Sick and tired of the Democrat-on-Democrat showdown that’s drawing an obscene amount of special-interest spending and burying voters beneath an avalanche of sleazy mailers in the 7th State Senate District special election? Well, the East Bay might have another Democrat-on-Democrat fight right around the corner.

Actually, make that Democrat-on-Democrat-on-Democrat. Former assembly members Wilma Chan, Nancy Skinner and Sandre Swanson all seem primed to run for the 9th State Senate District seat, from which Loni Hancock, D-Berkeley, will be term-limited out in 2016.

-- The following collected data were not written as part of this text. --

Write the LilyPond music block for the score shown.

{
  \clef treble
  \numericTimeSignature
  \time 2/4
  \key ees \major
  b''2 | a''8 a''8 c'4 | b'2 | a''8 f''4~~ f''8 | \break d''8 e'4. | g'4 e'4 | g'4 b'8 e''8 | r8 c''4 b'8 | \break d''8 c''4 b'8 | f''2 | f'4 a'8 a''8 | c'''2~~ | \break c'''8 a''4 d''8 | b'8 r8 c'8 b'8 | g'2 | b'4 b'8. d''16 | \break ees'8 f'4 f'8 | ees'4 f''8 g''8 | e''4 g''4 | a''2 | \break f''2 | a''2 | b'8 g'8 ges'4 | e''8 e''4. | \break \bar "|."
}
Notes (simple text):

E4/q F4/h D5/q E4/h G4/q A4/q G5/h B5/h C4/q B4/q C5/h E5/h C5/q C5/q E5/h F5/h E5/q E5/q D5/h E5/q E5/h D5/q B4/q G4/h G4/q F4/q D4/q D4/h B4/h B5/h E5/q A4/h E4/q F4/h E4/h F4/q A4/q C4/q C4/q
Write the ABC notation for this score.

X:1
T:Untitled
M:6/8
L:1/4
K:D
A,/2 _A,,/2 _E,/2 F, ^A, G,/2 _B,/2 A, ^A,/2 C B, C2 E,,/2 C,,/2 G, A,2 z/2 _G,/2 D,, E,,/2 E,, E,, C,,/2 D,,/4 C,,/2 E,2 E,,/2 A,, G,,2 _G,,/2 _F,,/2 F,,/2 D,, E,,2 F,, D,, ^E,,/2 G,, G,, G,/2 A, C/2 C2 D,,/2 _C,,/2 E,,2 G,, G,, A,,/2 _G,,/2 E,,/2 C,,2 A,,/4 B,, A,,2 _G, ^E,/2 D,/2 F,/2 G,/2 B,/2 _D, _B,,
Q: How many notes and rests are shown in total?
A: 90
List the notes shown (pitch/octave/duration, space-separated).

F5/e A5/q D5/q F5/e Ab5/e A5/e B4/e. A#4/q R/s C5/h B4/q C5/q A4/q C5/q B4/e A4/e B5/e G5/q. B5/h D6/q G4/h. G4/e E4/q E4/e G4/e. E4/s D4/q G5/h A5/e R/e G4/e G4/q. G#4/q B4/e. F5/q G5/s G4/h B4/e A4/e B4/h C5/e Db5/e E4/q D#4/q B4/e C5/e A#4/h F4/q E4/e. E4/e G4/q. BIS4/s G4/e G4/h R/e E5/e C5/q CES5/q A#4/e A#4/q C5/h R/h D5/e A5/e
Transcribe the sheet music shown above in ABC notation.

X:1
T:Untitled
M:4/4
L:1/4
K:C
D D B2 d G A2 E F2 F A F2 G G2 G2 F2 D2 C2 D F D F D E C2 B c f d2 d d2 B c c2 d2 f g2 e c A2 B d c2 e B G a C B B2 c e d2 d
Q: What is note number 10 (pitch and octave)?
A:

Wilma ChanChan, 65, of Alameda, served in the Assembly from 2000 to 2006, including a two-year stint as majority leader. She ran unsuccessfully against Hancock for this seat in 2008’s Democratic primary. An Alameda County supervisor from 1994 to 2000, she returned to the board in 2010.

Chan’s 2016 Senate committee hasn’t filed any reports yet, but wrote in a recent fundraising email that she has “had a busy Spring meeting friends old and new, and introducing my campaign for California State Senate representing the communities of the East Bay.” Her next campaign event, hosted by fellow supervisors Scott Haggerty and Richard Valle, is scheduled for Wednesday, May 27 at the Spin-A-Yarn Steakhouse in Fremont; tickets start at $125, but co-hosts are paying up to $8,500 each.

Skinner, 60, of Berkeley, was a Berkeley City Councilwoman from 1984 to 1992 and was elected to the Assembly in 2008; she was term-limited out of the 15th Assembly District seat last year, succeeded by Tony Thurmond, D-Richmond. She’s now a part-time senior policy fellow at UC Davis’ Energy Efficiency Center, Institute of Transportation Studies, and the Policy Institute for Energy, Environment and the Economy.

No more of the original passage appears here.